The whole listing needs to be returned exactly as it appears.

::::::::

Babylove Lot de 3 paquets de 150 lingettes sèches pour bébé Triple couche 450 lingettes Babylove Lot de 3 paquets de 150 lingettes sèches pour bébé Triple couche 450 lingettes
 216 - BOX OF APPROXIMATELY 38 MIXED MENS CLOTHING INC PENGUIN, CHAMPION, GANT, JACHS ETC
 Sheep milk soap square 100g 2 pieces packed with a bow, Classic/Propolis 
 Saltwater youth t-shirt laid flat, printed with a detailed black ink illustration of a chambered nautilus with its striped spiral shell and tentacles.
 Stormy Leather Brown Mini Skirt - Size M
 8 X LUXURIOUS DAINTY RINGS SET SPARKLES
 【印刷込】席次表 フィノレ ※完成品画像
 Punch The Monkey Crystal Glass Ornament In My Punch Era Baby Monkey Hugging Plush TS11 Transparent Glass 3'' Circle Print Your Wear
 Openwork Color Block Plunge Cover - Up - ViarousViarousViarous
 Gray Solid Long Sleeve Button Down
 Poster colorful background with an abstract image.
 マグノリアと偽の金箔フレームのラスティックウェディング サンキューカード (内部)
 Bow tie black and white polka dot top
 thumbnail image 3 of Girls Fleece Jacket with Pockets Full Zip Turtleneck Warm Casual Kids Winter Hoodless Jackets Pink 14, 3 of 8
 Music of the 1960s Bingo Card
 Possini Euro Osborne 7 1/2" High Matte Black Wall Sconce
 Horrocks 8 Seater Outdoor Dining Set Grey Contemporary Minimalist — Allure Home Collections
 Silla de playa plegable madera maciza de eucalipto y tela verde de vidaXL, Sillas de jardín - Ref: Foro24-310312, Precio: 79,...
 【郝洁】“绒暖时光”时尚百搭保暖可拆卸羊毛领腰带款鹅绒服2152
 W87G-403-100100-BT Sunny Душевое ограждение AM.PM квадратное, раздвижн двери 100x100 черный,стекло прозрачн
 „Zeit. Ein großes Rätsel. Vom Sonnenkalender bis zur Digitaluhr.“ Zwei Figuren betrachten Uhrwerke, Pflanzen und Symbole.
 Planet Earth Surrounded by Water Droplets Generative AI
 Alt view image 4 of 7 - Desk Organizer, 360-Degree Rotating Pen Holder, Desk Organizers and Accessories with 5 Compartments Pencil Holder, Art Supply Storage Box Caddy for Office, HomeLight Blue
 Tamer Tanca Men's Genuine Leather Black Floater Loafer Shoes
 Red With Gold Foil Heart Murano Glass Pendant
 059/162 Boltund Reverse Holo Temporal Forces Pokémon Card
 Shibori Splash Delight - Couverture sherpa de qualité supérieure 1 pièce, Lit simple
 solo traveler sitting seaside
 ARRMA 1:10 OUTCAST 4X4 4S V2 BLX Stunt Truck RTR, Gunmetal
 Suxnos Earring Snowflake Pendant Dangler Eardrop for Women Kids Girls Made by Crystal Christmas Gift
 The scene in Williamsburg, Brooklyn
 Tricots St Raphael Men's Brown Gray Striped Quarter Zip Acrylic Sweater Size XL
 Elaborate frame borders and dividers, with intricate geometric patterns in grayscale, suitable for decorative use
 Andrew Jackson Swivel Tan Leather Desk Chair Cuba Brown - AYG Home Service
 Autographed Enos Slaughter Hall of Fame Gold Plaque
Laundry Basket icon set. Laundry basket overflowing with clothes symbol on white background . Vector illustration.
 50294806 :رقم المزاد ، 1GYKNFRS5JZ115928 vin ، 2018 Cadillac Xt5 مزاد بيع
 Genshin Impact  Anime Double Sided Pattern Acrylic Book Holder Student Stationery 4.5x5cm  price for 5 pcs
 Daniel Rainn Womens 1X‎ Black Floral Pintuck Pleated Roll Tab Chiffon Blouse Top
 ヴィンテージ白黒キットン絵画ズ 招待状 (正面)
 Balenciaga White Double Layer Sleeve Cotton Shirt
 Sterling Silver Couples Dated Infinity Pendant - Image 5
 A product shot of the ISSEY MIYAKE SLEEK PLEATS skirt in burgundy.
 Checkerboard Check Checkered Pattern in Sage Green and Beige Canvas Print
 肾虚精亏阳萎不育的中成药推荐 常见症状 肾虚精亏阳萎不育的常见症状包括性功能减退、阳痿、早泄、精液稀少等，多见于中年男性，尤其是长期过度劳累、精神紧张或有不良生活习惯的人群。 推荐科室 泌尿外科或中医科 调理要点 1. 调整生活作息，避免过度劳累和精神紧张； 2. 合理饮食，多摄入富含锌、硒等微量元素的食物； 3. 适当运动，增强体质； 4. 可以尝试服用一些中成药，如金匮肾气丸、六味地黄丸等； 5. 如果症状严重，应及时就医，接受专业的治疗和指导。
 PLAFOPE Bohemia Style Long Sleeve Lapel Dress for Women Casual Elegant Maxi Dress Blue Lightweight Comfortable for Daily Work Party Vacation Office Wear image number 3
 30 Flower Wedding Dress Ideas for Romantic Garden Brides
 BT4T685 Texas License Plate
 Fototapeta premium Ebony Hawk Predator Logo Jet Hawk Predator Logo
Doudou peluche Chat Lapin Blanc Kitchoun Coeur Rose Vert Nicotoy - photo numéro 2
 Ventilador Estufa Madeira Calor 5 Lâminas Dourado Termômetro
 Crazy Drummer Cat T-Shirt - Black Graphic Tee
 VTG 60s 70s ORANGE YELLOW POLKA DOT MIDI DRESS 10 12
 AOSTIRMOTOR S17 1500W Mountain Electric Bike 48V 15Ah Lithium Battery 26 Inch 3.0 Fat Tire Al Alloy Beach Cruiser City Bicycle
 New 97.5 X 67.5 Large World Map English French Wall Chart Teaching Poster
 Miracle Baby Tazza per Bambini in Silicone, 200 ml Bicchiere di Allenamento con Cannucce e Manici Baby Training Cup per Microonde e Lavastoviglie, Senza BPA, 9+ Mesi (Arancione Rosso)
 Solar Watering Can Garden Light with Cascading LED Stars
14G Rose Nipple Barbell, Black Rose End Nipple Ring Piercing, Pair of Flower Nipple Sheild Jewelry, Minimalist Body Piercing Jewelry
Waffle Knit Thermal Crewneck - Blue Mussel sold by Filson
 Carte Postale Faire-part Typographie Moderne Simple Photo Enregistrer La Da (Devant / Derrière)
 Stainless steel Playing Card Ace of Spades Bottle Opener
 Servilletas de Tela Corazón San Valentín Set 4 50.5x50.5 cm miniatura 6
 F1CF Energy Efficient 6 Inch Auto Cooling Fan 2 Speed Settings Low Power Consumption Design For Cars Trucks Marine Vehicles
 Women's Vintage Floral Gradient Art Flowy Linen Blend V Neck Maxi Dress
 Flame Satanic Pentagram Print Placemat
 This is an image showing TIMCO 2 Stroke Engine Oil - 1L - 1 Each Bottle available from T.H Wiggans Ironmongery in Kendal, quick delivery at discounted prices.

::::::::

Exercise answer.
Babylove Lot de 3 paquets de 150 lingettes sèches pour bébé Triple couche 450 lingettes Babylove Lot de 3 paquets de 150 lingettes sèches pour bébé Triple couche 450 lingettes
 216 - BOX OF APPROXIMATELY 38 MIXED MENS CLOTHING INC PENGUIN, CHAMPION, GANT, JACHS ETC
 Sheep milk soap square 100g 2 pieces packed with a bow, Classic/Propolis 
 Saltwater youth t-shirt laid flat, printed with a detailed black ink illustration of a chambered nautilus with its striped spiral shell and tentacles.
 Stormy Leather Brown Mini Skirt - Size M
 8 X LUXURIOUS DAINTY RINGS SET SPARKLES
 【印刷込】席次表 フィノレ ※完成品画像
 Punch The Monkey Crystal Glass Ornament In My Punch Era Baby Monkey Hugging Plush TS11 Transparent Glass 3'' Circle Print Your Wear
 Openwork Color Block Plunge Cover - Up - ViarousViarousViarous
 Gray Solid Long Sleeve Button Down
 Poster colorful background with an abstract image.
 マグノリアと偽の金箔フレームのラスティックウェディング サンキューカード (内部)
 Bow tie black and white polka dot top
 thumbnail image 3 of Girls Fleece Jacket with Pockets Full Zip Turtleneck Warm Casual Kids Winter Hoodless Jackets Pink 14, 3 of 8
 Music of the 1960s Bingo Card
 Possini Euro Osborne 7 1/2" High Matte Black Wall Sconce
 Horrocks 8 Seater Outdoor Dining Set Grey Contemporary Minimalist — Allure Home Collections
 Silla de playa plegable madera maciza de eucalipto y tela verde de vidaXL, Sillas de jardín - Ref: Foro24-310312, Precio: 79,...
 【郝洁】“绒暖时光”时尚百搭保暖可拆卸羊毛领腰带款鹅绒服2152
 W87G-403-100100-BT Sunny Душевое ограждение AM.PM квадратное, раздвижн двери 100x100 черный,стекло прозрачн
 „Zeit. Ein großes Rätsel. Vom Sonnenkalender bis zur Digitaluhr.“ Zwei Figuren betrachten Uhrwerke, Pflanzen und Symbole.
 Planet Earth Surrounded by Water Droplets Generative AI
 Alt view image 4 of 7 - Desk Organizer, 360-Degree Rotating Pen Holder, Desk Organizers and Accessories with 5 Compartments Pencil Holder, Art Supply Storage Box Caddy for Office, HomeLight Blue
 Tamer Tanca Men's Genuine Leather Black Floater Loafer Shoes
 Red With Gold Foil Heart Murano Glass Pendant
 059/162 Boltund Reverse Holo Temporal Forces Pokémon Card
 Shibori Splash Delight - Couverture sherpa de qualité supérieure 1 pièce, Lit simple
 solo traveler sitting seaside
 ARRMA 1:10 OUTCAST 4X4 4S V2 BLX Stunt Truck RTR, Gunmetal
 Suxnos Earring Snowflake Pendant Dangler Eardrop for Women Kids Girls Made by Crystal Christmas Gift
 The scene in Williamsburg, Brooklyn
 Tricots St Raphael Men's Brown Gray Striped Quarter Zip Acrylic Sweater Size XL
 Elaborate frame borders and dividers, with intricate geometric patterns in grayscale, suitable for decorative use
 Andrew Jackson Swivel Tan Leather Desk Chair Cuba Brown - AYG Home Service
 Autographed Enos Slaughter Hall of Fame Gold Plaque
Laundry Basket icon set. Laundry basket overflowing with clothes symbol on white background . Vector illustration.
 50294806 :رقم المزاد ، 1GYKNFRS5JZ115928 vin ، 2018 Cadillac Xt5 مزاد بيع
 Genshin Impact  Anime Double Sided Pattern Acrylic Book Holder Student Stationery 4.5x5cm  price for 5 pcs
 Daniel Rainn Womens 1X‎ Black Floral Pintuck Pleated Roll Tab Chiffon Blouse Top
 ヴィンテージ白黒キットン絵画ズ 招待状 (正面)
 Balenciaga White Double Layer Sleeve Cotton Shirt
 Sterling Silver Couples Dated Infinity Pendant - Image 5
 A product shot of the ISSEY MIYAKE SLEEK PLEATS skirt in burgundy.
 Checkerboard Check Checkered Pattern in Sage Green and Beige Canvas Print
 肾虚精亏阳萎不育的中成药推荐 常见症状 肾虚精亏阳萎不育的常见症状包括性功能减退、阳痿、早泄、精液稀少等，多见于中年男性，尤其是长期过度劳累、精神紧张或有不良生活习惯的人群。 推荐科室 泌尿外科或中医科 调理要点 1. 调整生活作息，避免过度劳累和精神紧张； 2. 合理饮食，多摄入富含锌、硒等微量元素的食物； 3. 适当运动，增强体质； 4. 可以尝试服用一些中成药，如金匮肾气丸、六味地黄丸等； 5. 如果症状严重，应及时就医，接受专业的治疗和指导。
 PLAFOPE Bohemia Style Long Sleeve Lapel Dress for Women Casual Elegant Maxi Dress Blue Lightweight Comfortable for Daily Work Party Vacation Office Wear image number 3
 30 Flower Wedding Dress Ideas for Romantic Garden Brides
 BT4T685 Texas License Plate
 Fototapeta premium Ebony Hawk Predator Logo Jet Hawk Predator Logo
Doudou peluche Chat Lapin Blanc Kitchoun Coeur Rose Vert Nicotoy - photo numéro 2
 Ventilador Estufa Madeira Calor 5 Lâminas Dourado Termômetro
 Crazy Drummer Cat T-Shirt - Black Graphic Tee
 VTG 60s 70s ORANGE YELLOW POLKA DOT MIDI DRESS 10 12
 AOSTIRMOTOR S17 1500W Mountain Electric Bike 48V 15Ah Lithium Battery 26 Inch 3.0 Fat Tire Al Alloy Beach Cruiser City Bicycle
 New 97.5 X 67.5 Large World Map English French Wall Chart Teaching Poster
 Miracle Baby Tazza per Bambini in Silicone, 200 ml Bicchiere di Allenamento con Cannucce e Manici Baby Training Cup per Microonde e Lavastoviglie, Senza BPA, 9+ Mesi (Arancione Rosso)
 Solar Watering Can Garden Light with Cascading LED Stars
14G Rose Nipple Barbell, Black Rose End Nipple Ring Piercing, Pair of Flower Nipple Sheild Jewelry, Minimalist Body Piercing Jewelry
Waffle Knit Thermal Crewneck - Blue Mussel sold by Filson
 Carte Postale Faire-part Typographie Moderne Simple Photo Enregistrer La Da (Devant / Derrière)
 Stainless steel Playing Card Ace of Spades Bottle Opener
 Servilletas de Tela Corazón San Valentín Set 4 50.5x50.5 cm miniatura 6
 F1CF Energy Efficient 6 Inch Auto Cooling Fan 2 Speed Settings Low Power Consumption Design For Cars Trucks Marine Vehicles
 Women's Vintage Floral Gradient Art Flowy Linen Blend V Neck Maxi Dress
 Flame Satanic Pentagram Print Placemat
 This is an image showing TIMCO 2 Stroke Engine Oil - 1L - 1 Each Bottle available from T.H Wiggans Ironmongery in Kendal, quick delivery at discounted prices.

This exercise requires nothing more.